▶ _Your task_: Would you return the lines between the one holding "MTHIERO9 Fresh Foam X Hierro v9" and the one holding "Edifier ES850NB Wireless", inclusive, and only those, exactly as they stand in the listing below?

── Given entries ──

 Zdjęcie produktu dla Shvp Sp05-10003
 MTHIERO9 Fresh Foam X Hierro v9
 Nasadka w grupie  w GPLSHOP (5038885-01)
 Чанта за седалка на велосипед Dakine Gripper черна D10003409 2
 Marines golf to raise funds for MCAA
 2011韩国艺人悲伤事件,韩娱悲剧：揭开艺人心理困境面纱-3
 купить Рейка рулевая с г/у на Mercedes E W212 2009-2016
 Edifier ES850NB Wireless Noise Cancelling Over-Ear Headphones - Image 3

───
── Given entries ──

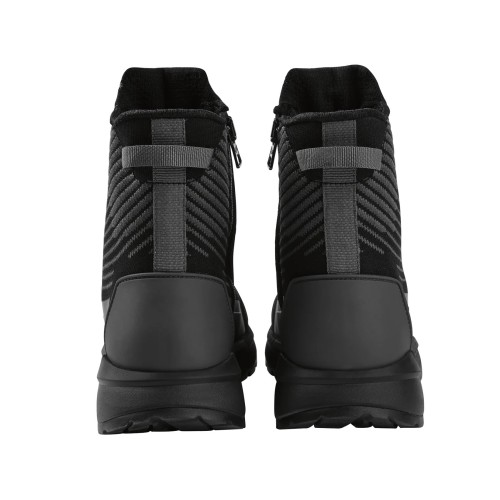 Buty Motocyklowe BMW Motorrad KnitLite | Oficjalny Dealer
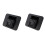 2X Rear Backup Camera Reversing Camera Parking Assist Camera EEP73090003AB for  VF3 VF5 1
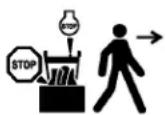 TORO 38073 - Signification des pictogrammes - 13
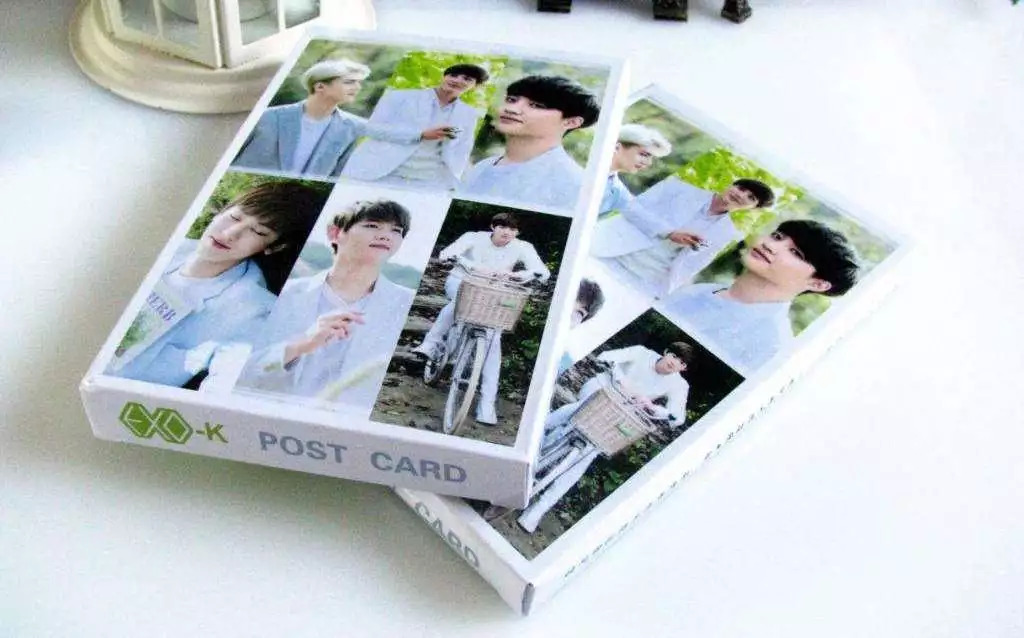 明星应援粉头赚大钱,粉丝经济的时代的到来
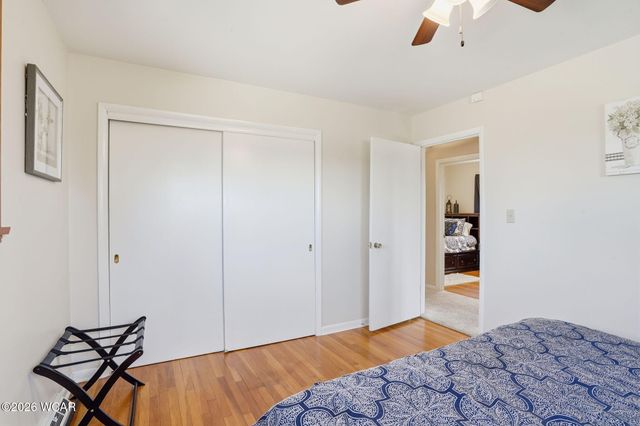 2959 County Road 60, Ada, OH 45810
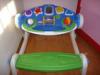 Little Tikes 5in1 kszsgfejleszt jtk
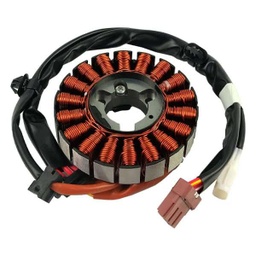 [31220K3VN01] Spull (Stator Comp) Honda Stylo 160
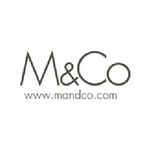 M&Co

───

▶ _Task output_:
 MTHIERO9 Fresh Foam X Hierro v9
 Nasadka w grupie  w GPLSHOP (5038885-01)
 Чанта за седалка на велосипед Dakine Gripper черна D10003409 2
 Marines golf to raise funds for MCAA
 2011韩国艺人悲伤事件,韩娱悲剧：揭开艺人心理困境面纱-3
 купить Рейка рулевая с г/у на Mercedes E W212 2009-2016
 Edifier ES850NB Wireless Noise Cancelling Over-Ear Headphones - Image 3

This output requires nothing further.